Otto adalah veteran perang RI. Sebagai mantan prajurit PETA Otto menerima penghargaan jasa tiga bintang emas di era kepemimpinan Presiden Suharto (terdaftar dengan Nomor Pokok Veteran: 8.20.585[3]). Meski karier militernya sangat singkat hanya dua tahun (1944-1946), Otto pernah terlibat langsung dalam pertempuran fisik. Yang unik dari dirinya adalah meski berstatus sebagai tentara Otto tetap produktif menghasilkan karya-karya lukisan.[1]

Ketika menjadi taruna saat mengikuti pelatihan militer PETA di Bogor, waktu-waktu istirahatnya selalu diisi dengan melukis. Menurutnya, melukis adalah salah satu cara agar dirinya tetap "waras" di kamp pelatihan. Bukannya apa-apa, latihan fisik di PETA itu sangat keras. Selama tiga bulan para kadet digembleng fisiknya siang malam dan terisolasi dari dunia luar. Seusai latihan mereka tidak bisa melakukan apa-apa kecuali istirahat lalu tidur. Namun, Otto memaksakan diri menggunakan waktu-waktu istirahatnya dengan melukis dan melukis.

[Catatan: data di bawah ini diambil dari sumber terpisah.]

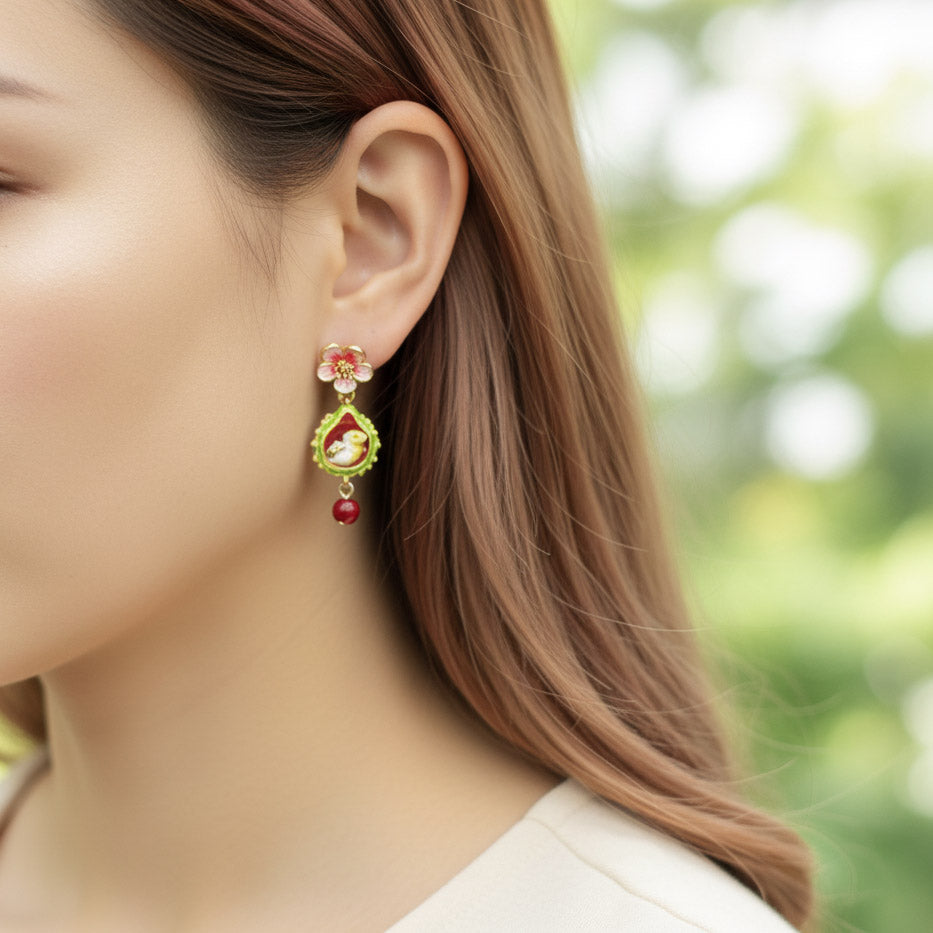 Close-up of a woman wearing a decorative earring with a blurred green background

Ternyata para serdadu Jepang meminati karya-karya indah Otto. Semua lukisannya laku terjual. Bahkan ada beberapa yang dibawa ke Jepang untuk kemudian dijual disana.

Pada tanggal 29 Agustus 1945 Mayor Otto Djaya datang ke Asrama Mahasiswa STI (Sekolah Tinggi Islam), Balai Muslimin Indonesia di Jakarta. Tidak diketahui dalam rangka apa ia datang ke sana. Yang jelas, sebelum kedatangannya ada himbauan dari Subianto Djojohadikusumo selaku Ketua Umum PP STI kepada sesama pengurus, A. Karim Halim, agar mahasiswa STI menuliskan berbagai semboyan revolusi di trem, kereta api, bus, tembok-tembok gedung, dan di berbagai tempat strategis lainnya. Singkatnya, mengetahui latar belakang Mayor Otto adalah pelukis, Karim memintanya untuk menuliskan berbagai semboyan revolusi seperti himbauan tadi.[4]

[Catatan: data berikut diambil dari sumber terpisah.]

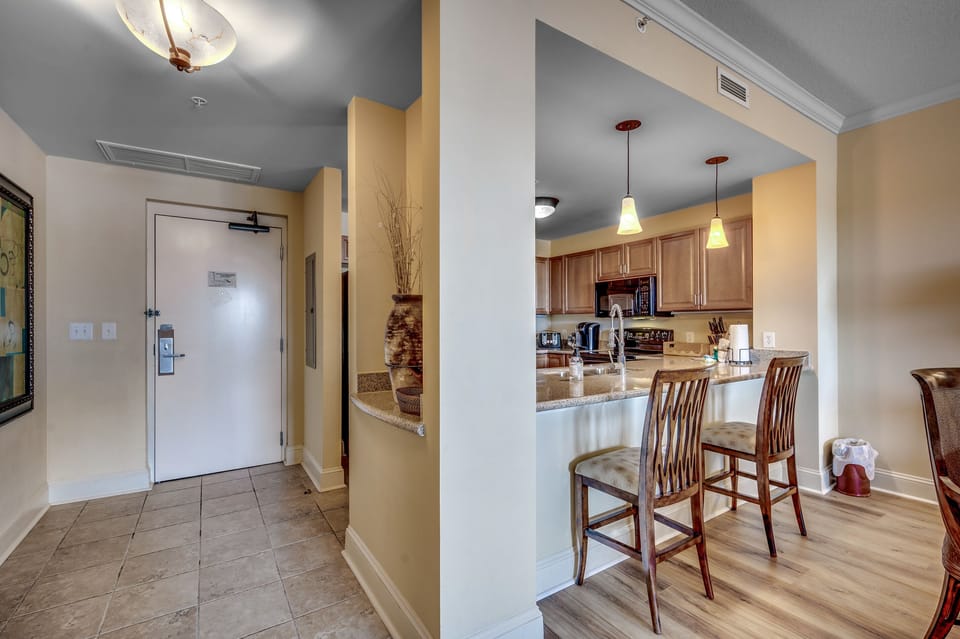 Kitchen has an eat-in bar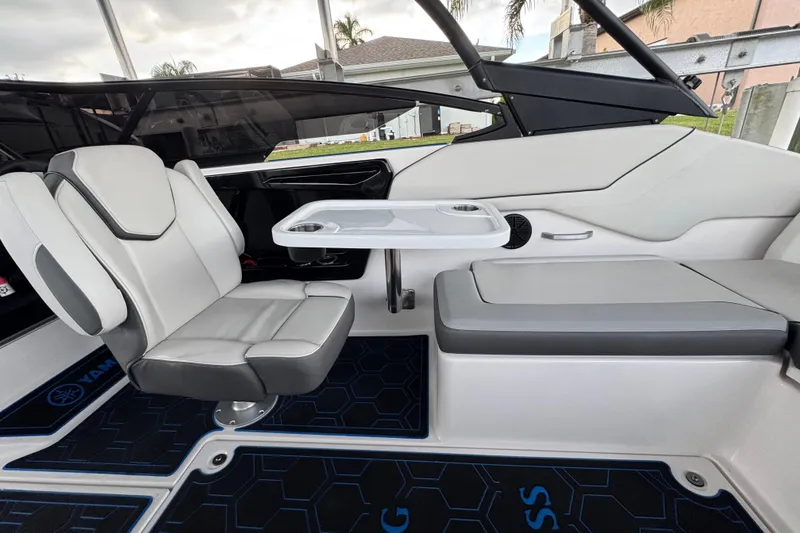 Slide: The Image of 2023 Yamaha Boats AR250 interior with seating and table, showcasing modern design and comfort. - 21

Untuk diketahui Subianto Djojohadikusumo adalah salah satu pemuda yang mendatangi dan mendesak Bung Karno dan Bung Hatta pada tanggal 15 Agustus 1945 sore untuk segera memproklamirkan kemerdekaan Republik Indonesia pada hari itu juga. Pertemuan dilakukan di halaman belakang Institut Koningin Wilhelmina, Jalan Pegangsaan Timur No. 15. Kelak, Pada tanggal 25 Januari 1946, Taruna Subianto Djojohadikusumo beserta adiknya Sujono Djojohadikusumo dan 35 taruna Akademi Militer Tangerang lainnya gugur dalam insiden perundingan perlucutan senjata dengan tentara Jepang di Hutan Lengkong, Tangerang.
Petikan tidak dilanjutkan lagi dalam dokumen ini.